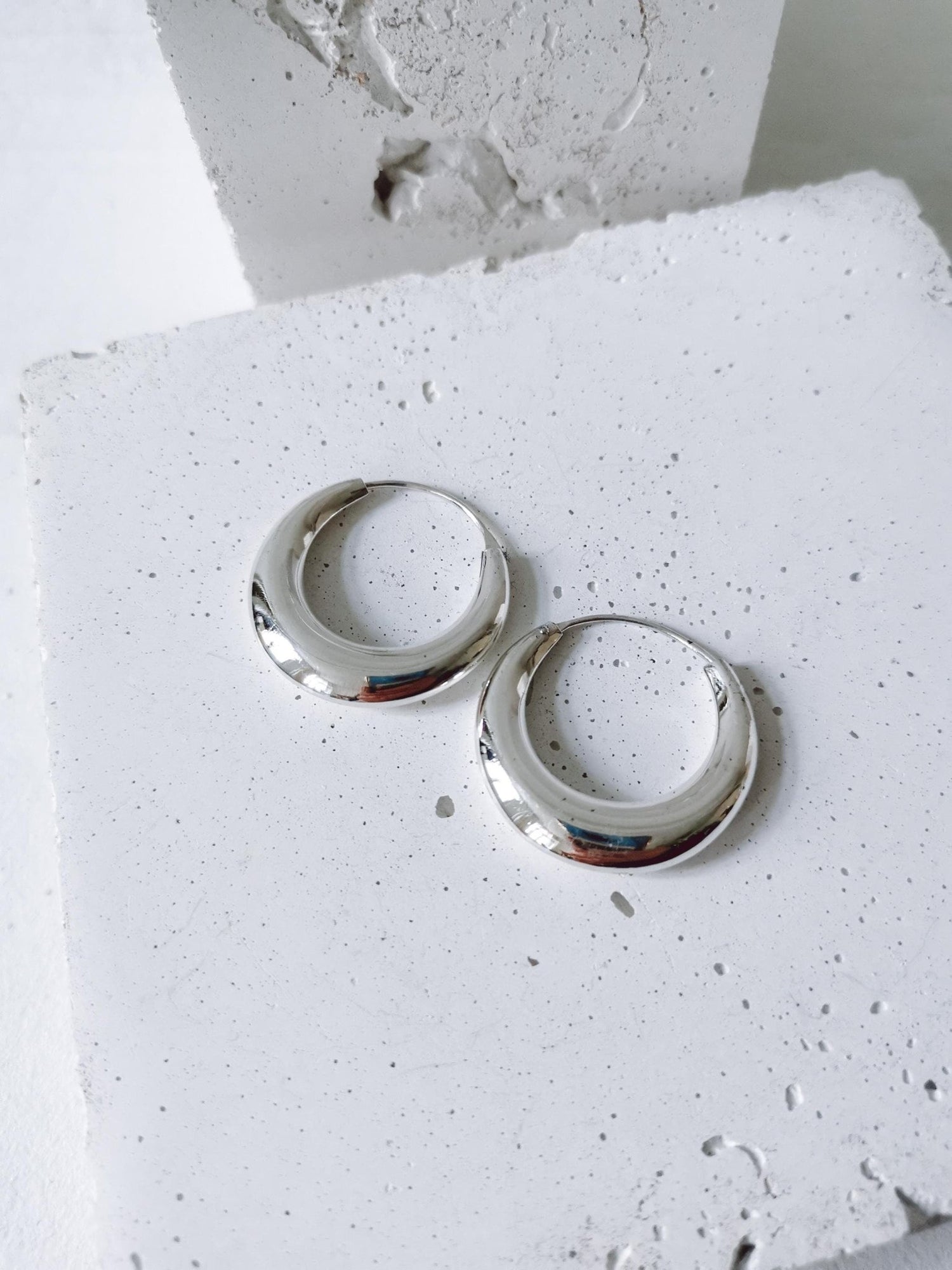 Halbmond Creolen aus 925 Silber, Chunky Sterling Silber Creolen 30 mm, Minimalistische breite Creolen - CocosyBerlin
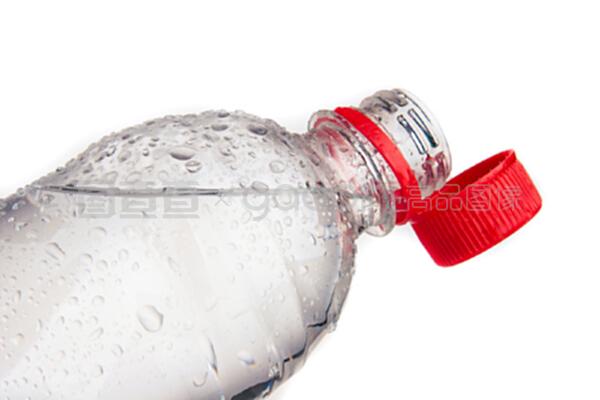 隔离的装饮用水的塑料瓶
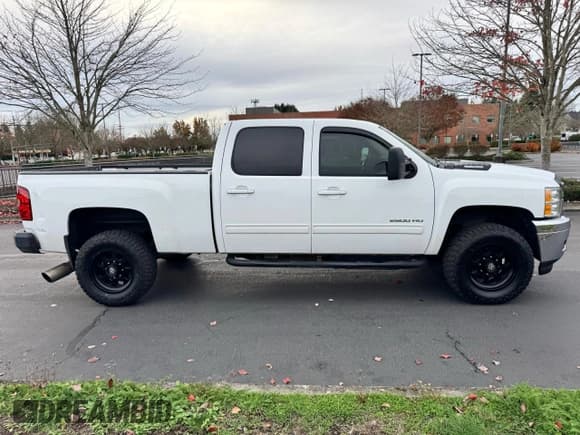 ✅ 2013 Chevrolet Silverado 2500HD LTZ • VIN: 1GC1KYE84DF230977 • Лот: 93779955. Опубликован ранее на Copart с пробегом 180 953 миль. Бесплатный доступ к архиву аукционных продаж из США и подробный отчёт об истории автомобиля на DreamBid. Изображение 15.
========================
ABOUT THIS TASK =
Transcribe the material above in full. No picture is to be copied.

YOUR SOLUTION =
 Halbmond Creolen aus 925 Silber, Chunky Sterling Silber Creolen 30 mm, Minimalistische breite Creolen - CocosyBerlin
 隔离的装饮用水的塑料瓶
 ✅ 2013 Chevrolet Silverado 2500HD LTZ • VIN: 1GC1KYE84DF230977 • Лот: 93779955. Опубликован ранее на Copart с пробегом 180 953 миль. Бесплатный доступ к архиву аукционных продаж из США и подробный отчёт об истории автомобиля на DreamBid. Изображение 15.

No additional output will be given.